Kazakhstan, Uzbekistan, Turkmenistan, Kyrgyzstan and Tajikistan together form the macro destination of Central Asia. Some tour operators also consider Azerbaijan, Mongolia, Xinjiang, Afghanistan and Tibet to be part of Central Asia. Close to eight million international border crossings were registered in this area in 2004.
With a population of 16.2 million, Kazakhstan has benefited from the good situation of its tourism industry. Setting Turkey’s development strategy as its model, the country has been successful in improving its infrastructure.
Larger than all Western Europe, Kazakhstan is a vast country of steppes and mountains rich in natural beauty.
Compared to its neighbors in the region, Kyrgyzstan is not very large. Kyrgyzstan’s landscape of high, forested mountains and lush, grassy steppes have attracted Silk Road travelers thankful for the region’s cool climate.
Like Turkmenistan, Tajikistan was once part of Persian territory in old times. During recent years, Tajikistan has attempted to develop its tourism industry through organizing cultural and literary festivals. Considering its cultural and historical situation, the country possesses astounding resources for attracting travelers.
Rugged and mountainous, Tajikistan sits at the heart of Central Asia, with China to the east and the Indian subcontinent to the south.

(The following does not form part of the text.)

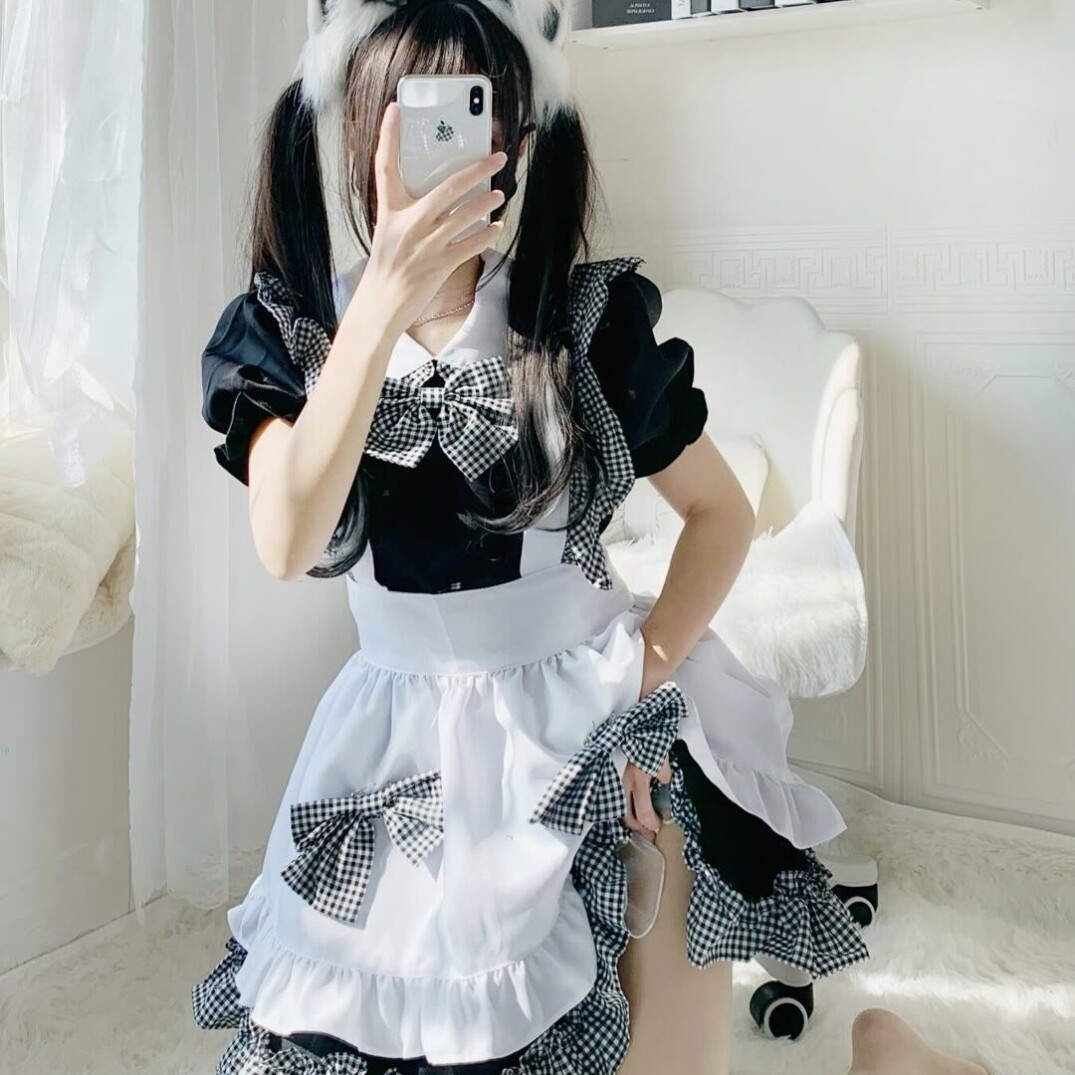 网红女仆可爱女佣女装大佬lolita连衣裙洛丽塔cosplay服装黑格子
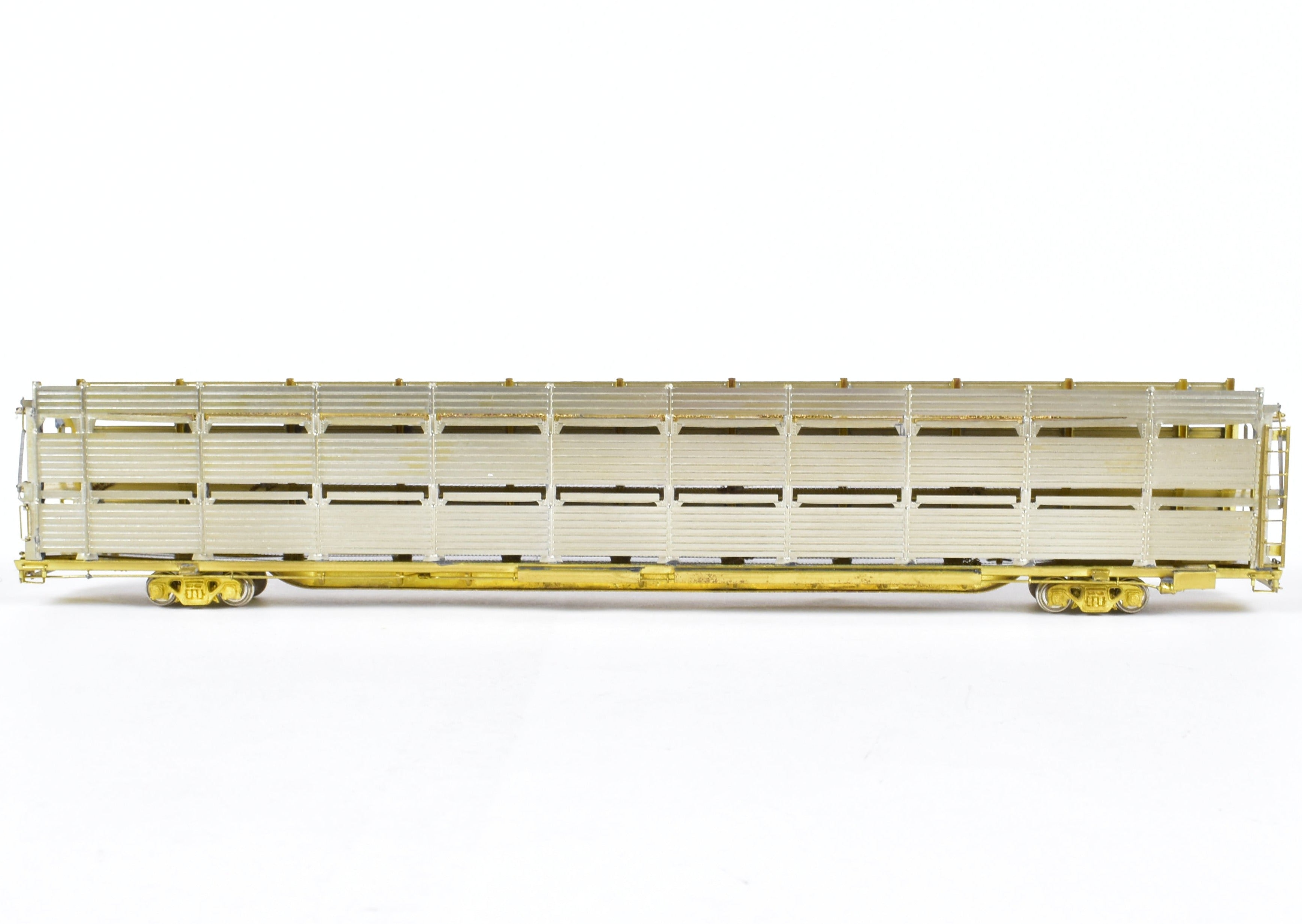 HO Scale Brass Tri - Level Auto Rack Model by Overland Models, Inc. (OMI) for Various Railroads like ATSF, BN, CR, N&W, and SP with Pressed Sides and Optional Roof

The history of Turkmenistan can be traced back to the 4th century BC. After numerous ups and downs, the country is now home to several cultures. Turkmenistan, located on the Silk Road, occupies a strategic spot in the region. It is among those countries which have common borders and good relations with Iran.
Elaborately woven, bright crimson carpets created by the delicate hands of nomadic tribal women have become the artistic symbol of Turkmenistan.
According to statistics, in the year 2010, the country had a population of 28 million, and although its tourism industry has not flourished, it is currently improving its infrastructure to develop the industry.
The fabled mosques and madrahssas of Samarkand, Bukhara and Khiva, with their marvelous design and colorful tile work, are just some of the sites in Uzbekistan linked to the Silk Road.